Saat mesoapendiks terlibat dalam proses inflamasi, seringnya dilakukan membagi
apendiks pertama dengan stapler linear lalu membagi mesoapendiks yang berdekatan
dengan apendiks dengan menggunakan klip, elektrokauter, skalpel harmonik, atau
staples. Apendiks dikeluarkan dari rongga abdomen melalui trocar. Dasar apendiks dan
mesoapendiks dievaluasi untuk hemostasis. Kuadran kanan bawah harus diirigasi.
L. Manajemen Postoperatif
Pasien mungkin akan habis dalam waktu 24 jam setelah apendektomi tidak
komplikasi. Biasanya, mereka diberi diet dalam waktu 12 jam operasi. Ada penelitian
laboratorium lebih lanjut biasanya. Ada antibiotik lebih lanjut diberikan setelah operasi untuk
pasien dengan apendektomi tidak komplikasi, selain antibiotik profilaksis sebelum operasi
diberikan.
M. Diagnosis Banding
Pertimbangan dari penyebab lain nyeri di RLQ dan perbandingan lain dari apendisitis
sangat membantu. Apendisitis dapat menyerupai hampir semua penyakit yang terjadi pada
rongga perut serta masalah-masalah ekstraperitoneal yang menghasilkan gejala perut.
Dengan pendekatan entitas penyakit berikut mengarahkan dokter dalam interogasi dan
pemeriksaan.
1. Adenitis Mesenterika
Istilah adenitis mesenterika adalah radang pembesaran kelenjar getah bening
mesenterika, terutama di wilayah terminal ileum. Umumnya, ketika apendiks nomal dan
tidak ada sumber lainnya untuk nyeri RLQ yang ditemukan, adenitis mesenterika
disalahkan. Petunjuk untuk diagnosis termasuk mencari infeksi saluran pernapasan atas
atau otitis media, karena kondisi ini dapat mendahului nyeri perut. Muntah tidak
menonjol. Demam mungkin tinggi. Adenopati umum dapat dicatat tetapi ini jarang
terjadi.
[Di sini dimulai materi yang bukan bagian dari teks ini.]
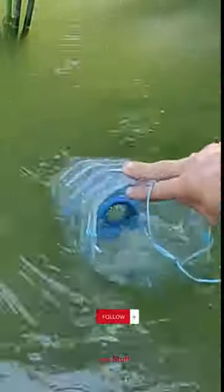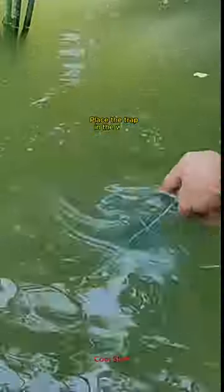Add a few small pieces of bait — bread or small insects — to attract fish. Place the trap in the water and wait.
Rasa sakit adenitis mesenterika dimulai di RLQ, bukan midabdominal.
3. Infeksi Yersinia
Infeksi organisme Yersinia enterocolitica atau Yersinia pseudotuberculosis dapat
terlibat sebagai penyebab nyeri perut mirip apendisitis. Patofisiologi berkaitan dengan
konsumsi organisme dari makanan terkontaminasi. Demam dan nyeri perut mungkin
lebih menonjol daripada diare, meskipun banyak pasien yang terinfeksi Yersinia tidak
menunjukkan gejala. Sindrom klinis lainnya telah dikaitkan dengan Yersinia seperti
ileitis, colitis, dan arthritis akut. Eritema nodosum, uveitis, atau arthritis mungkin
komplikasi postinfeksius dalam persentase yang tinggi. Pada 10% pasien, Yersinia
sebenarnya mungkin agen penyebab apendisitis akut atau mungkin mewakili
epiphenomenon. Oleh karena itu, kemampuan untuk diffrensiasi infeksi Yersinia dari
apendisitis akut mungkin tidak secara klinis layak atau relevan.